For this exercise, restate the records word for word.

*** Begin section ***

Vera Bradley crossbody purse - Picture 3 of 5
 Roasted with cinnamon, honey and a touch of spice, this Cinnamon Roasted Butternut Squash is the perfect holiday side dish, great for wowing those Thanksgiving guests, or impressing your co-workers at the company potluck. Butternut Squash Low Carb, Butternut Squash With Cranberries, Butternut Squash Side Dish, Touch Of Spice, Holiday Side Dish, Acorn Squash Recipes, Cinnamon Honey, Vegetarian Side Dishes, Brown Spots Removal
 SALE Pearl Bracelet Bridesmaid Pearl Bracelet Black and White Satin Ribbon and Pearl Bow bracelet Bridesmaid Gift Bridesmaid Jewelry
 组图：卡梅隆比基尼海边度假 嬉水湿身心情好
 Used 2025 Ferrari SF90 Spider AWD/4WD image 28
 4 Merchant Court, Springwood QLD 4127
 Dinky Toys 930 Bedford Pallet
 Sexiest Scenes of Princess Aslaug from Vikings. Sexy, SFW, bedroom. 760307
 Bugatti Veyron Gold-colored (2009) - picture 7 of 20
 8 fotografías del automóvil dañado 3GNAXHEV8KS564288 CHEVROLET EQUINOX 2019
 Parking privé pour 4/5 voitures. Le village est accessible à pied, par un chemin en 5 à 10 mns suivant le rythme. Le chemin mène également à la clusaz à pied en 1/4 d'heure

*** End section ***

**Solution for this exercise**
Vera Bradley crossbody purse - Picture 3 of 5
 Roasted with cinnamon, honey and a touch of spice, this Cinnamon Roasted Butternut Squash is the perfect holiday side dish, great for wowing those Thanksgiving guests, or impressing your co-workers at the company potluck. Butternut Squash Low Carb, Butternut Squash With Cranberries, Butternut Squash Side Dish, Touch Of Spice, Holiday Side Dish, Acorn Squash Recipes, Cinnamon Honey, Vegetarian Side Dishes, Brown Spots Removal
 SALE Pearl Bracelet Bridesmaid Pearl Bracelet Black and White Satin Ribbon and Pearl Bow bracelet Bridesmaid Gift Bridesmaid Jewelry
 组图：卡梅隆比基尼海边度假 嬉水湿身心情好
 Used 2025 Ferrari SF90 Spider AWD/4WD image 28
 4 Merchant Court, Springwood QLD 4127
 Dinky Toys 930 Bedford Pallet
 Sexiest Scenes of Princess Aslaug from Vikings. Sexy, SFW, bedroom. 760307
 Bugatti Veyron Gold-colored (2009) - picture 7 of 20
 8 fotografías del automóvil dañado 3GNAXHEV8KS564288 CHEVROLET EQUINOX 2019
 Parking privé pour 4/5 voitures. Le village est accessible à pied, par un chemin en 5 à 10 mns suivant le rythme. Le chemin mène également à la clusaz à pied en 1/4 d'heure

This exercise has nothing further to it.